39 replies on “This House Was Built in One Day”

  1. OMG

    its not a bad looking house and construction technology had indeed reached this point. This is just the beginning of what we’ll be seeing from now on. The construction concept just personally creeps me out a bit. But i would imagine that real live people actually do assemble them …in laboratories… but not on site. I am always sorry that craftsmanship is disappearing when I see new construction. I would also think that since this house is a manufactured product, it must come with limited warranties on the components. if this type of house only has a 20 year warranty expiration date…..(and this I would be quite curious to know)…than its just a joke. I’m sorry that the old farmhouse is gone. I loved it. We should just be focusing on repairing and making sustainable our beautiful old houses. Thats what makes Montclair such a beautiful place.

  2. Sure, it was built in one day, but when it comes time to sell, how many days will it spend on the market? And how many days of a year will the owner have to work to earn enough to pay the tax bill? Next thing you know, double-wides will start popping up on Upper Mountain…

    I’ll be here all week, folks…

  3. I guess the Montclair Preservation Committee approved it?
    Slap it together, throw in some turf and for sale sign and….vi-ola, a ratable! Historic preservation be gone!

  4. If money was no object, I would buy an authentic Victorian home and just put in modern plumbing and electrical. I am constantly amazed at the craftsmanship that went into homes at the turn the of century. They were built to last. Like Frank GG, I am saddened to see what passes as construction these days.

  5. You’ve got it all wrong, PAZ. I have it on good authority that the Historical Preservation Committee is going to fast track this house onto the register before it falls down.

  6. puss, thanks for that link. I’ve was told my house may be a Sears house but I’ve been trying for a while to find my house in the archives with no luck. I’m getting the feeling that it may be a kit house froma different company.

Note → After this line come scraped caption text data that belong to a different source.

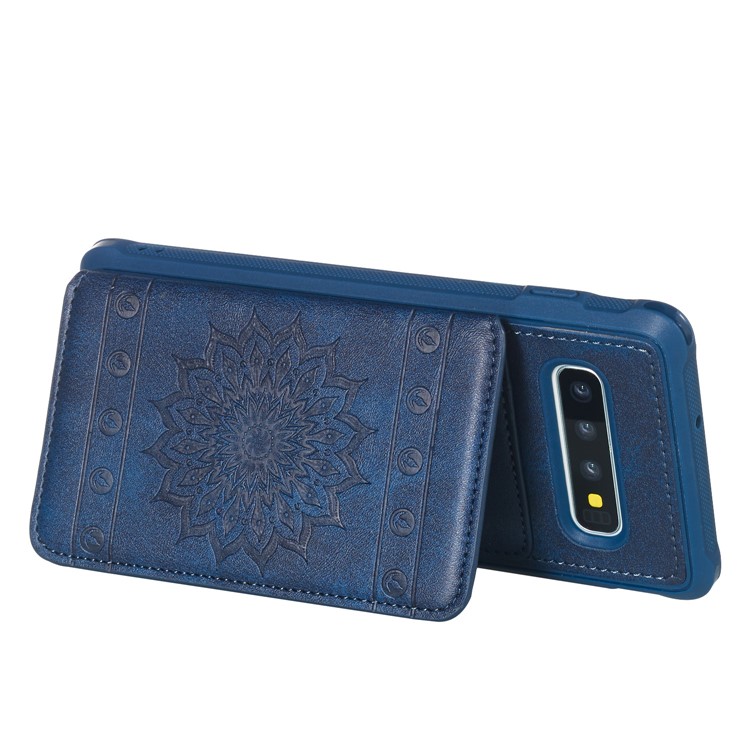 Imprinted Sunflower PU Leather Coated TPU Case with Card Holder for Samsung Galaxy S10 Plus - Blue-6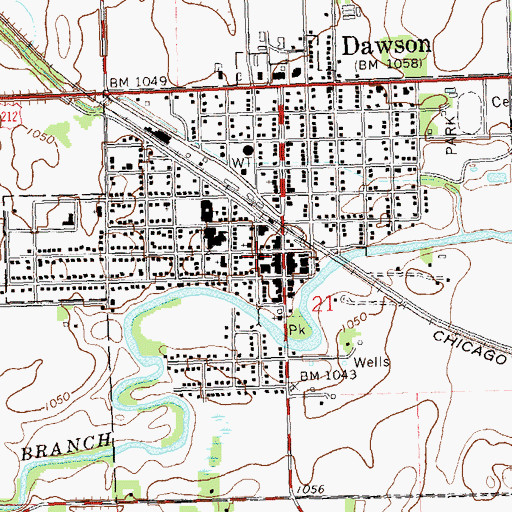 Topographic Map of Dawson Police Department, MN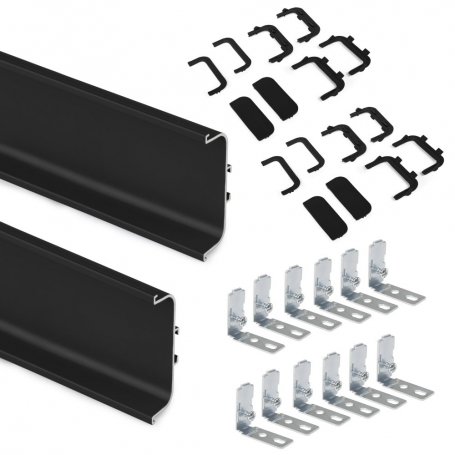 Kit de 2 perfiles centrales Gola para muebles de cocina, longitud 2,35m, con accesorios, Aluminio, Pintado negro - Emuca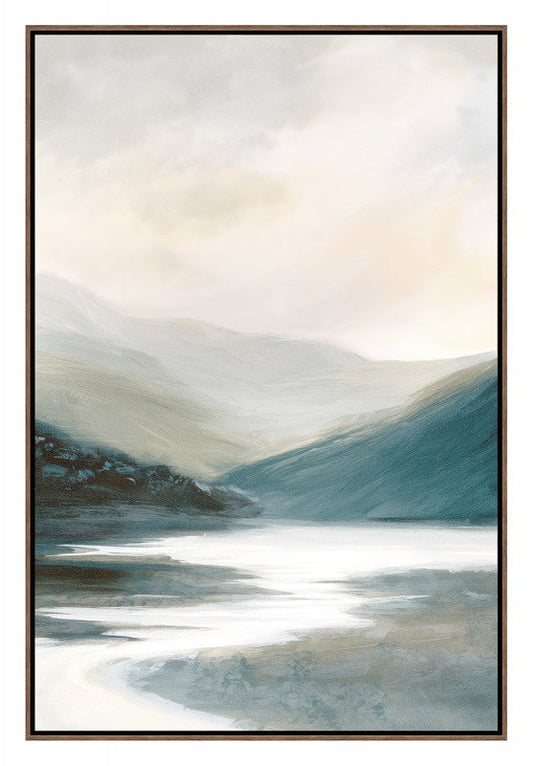 Mountains By The Canal Framed Artwork 120cm.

    What made the Sears houses so great was that combination of the craftsmanship of the time and the standardization of all the parts. Even though they were made with a mix and match of prefab components, they were made well. That consistancy meant faster and better construction once a builder got to know the system.

  7. Pete, you might be able to find some good info on these sites:

    Both focus on the A&C period, during which there were a lot of kit homes being built, and if you go to their community pages and post a picture of your house you will probably get a lot of informative responses!

    Coming from an area of SoCal which had mostly small ranch homes from the 60’s, I never really appreciated architecture and craftsmanship til I moved here. We sure do have a lot of treasures around these parts!

  8. If it has granite and stainless in the kitchen, an open floor plan and an en suite bath, it’ll sell. My husband and I watch House Hunters and that’s all Americans want. The Europeans look for bones, location and just an overall sense of whether or not they want to live there. We’ve watched American couples walk out of perfectly nice homes because there’s no granite. Idiots.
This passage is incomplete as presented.